The heart of the issue is that a list of metrics simply doesn’t get to the who, where, when, why, and how of a problem. It’s an outline, but certainly not a roadmap. And this is exactly what user interviews venture to uncover.
We’ll give you five reasons why user interviews are critical.
1. Align business goals with strategy.
When interviewing the people who’ll use the application, you may uncover disparities between groups of users regarding goals, problems, and expectations. By beginning to understand how wide the gaps are, or what one group could learn from another, you’ll start creating a common language that’ll help drive the company toward alignment between company goals, user goals, and application goals.
2. Understand how each user group would use the dashboard.
Even after you understand the high-level “why” from a company, user, and application perspective, you may still lack the answer to the “how” question. User interviews will help parse out how different groups of people might approach the same set of data in completely different ways.
Let’s take a manager and an analyst, for example. The manager is extremely busy and wants to be able to glance at the dashboard for a couple of minutes and immediately come to a conclusion of whether or not the company is on track. If something looks off, the manager might call an analyst.
The analyst would then need to dig deeper to find answers. Why is this number off? What happened, and when? Has this been happening for a while? The potential list of questions goes on and on — but we know for certain that this analyst will want a dashboard designed for more detailed analyses.
If we had designed an in-depth, exploratory dashboard for a manager, then we would’ve gotten a frustrated and inefficient user. And if we had put an explanatory, high-level dashboard in front of the analyst, then that dashboard would’ve been useless and inept at answering questions.
Both dashboards may have the same list of metrics, but they need to be designed differently for different users and purposes.
3. Clarify the “why” of each metric.
One of the most important things we learn from user interviews is the “why” behind each metric, and the key questions that each user is trying to answer from the data. What business problems are they trying solve? What types of insights do they need to get from the dashboard? For example, let’s say Gross Margin is on that list of metrics that needs to be on the dashboard. But why is this metric important? Sales managers might look at this metric just to see how their salespeople are performing, while a CFO might be monitoring this metric to see if it’s changing based off of a recent change in strategy.

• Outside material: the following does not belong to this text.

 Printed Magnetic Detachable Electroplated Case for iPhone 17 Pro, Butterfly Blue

4. Pick the right visualizations to answer the right questions.
A single metric could have an entire menu of visualization methods. For example, “revenue” could be displayed as a single KPI number, as a line chart showing revenue over time, as a bar chart that displays revenue versus target, or as part of a larger table of metrics.

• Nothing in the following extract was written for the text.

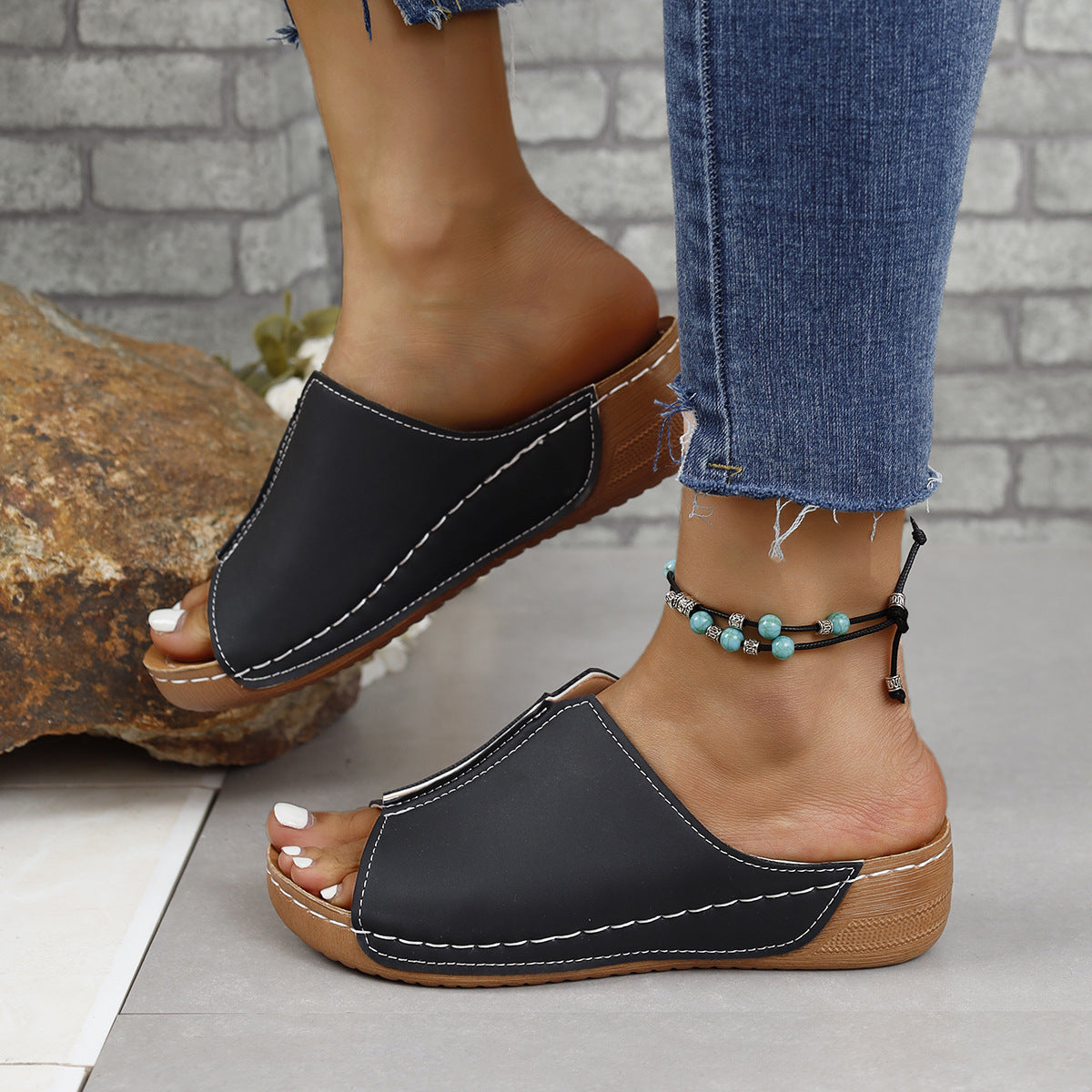 Urban Split Vegan Leather Open Toe Sandals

But by first understanding the reasoning behind the metrics and the question that the user is trying to answer, we’re able to create more effective and targeted visuals for the metric to live in. If the question is: “Is my revenue increasing over time?” then a line chart would make sense. If the question is “How much has my revenue increased from the previous year?” then maybe all we’d need is a number with the dollar or percent change from the previous year.
5. Direct the flow of the dashboard to be actionable.
And finally, user interviews beg the “so what” question — an essential step in making dashboards actionable, rather than just informative or pretty. Follow-up questions like “What would you do next if your revenue has dropped?” will give us an idea of how the charts and screens should be arranged to logically match a user’s flow of questions. That’s when data becomes powerful.
User interviews are game changers! Sometimes, the metrics that users want might not be the right ones to solve their problems. Or, you may uncover completely different use cases and analyses that no one had thought about before. We’ve often run into that in the consulting world, where one company might use the same 5 metrics as another company, but because of totally different business contexts, they’ll require two separate designs. Requirements gathering simply doesn’t give you the full picture or guarantee an impactful high-quality solution.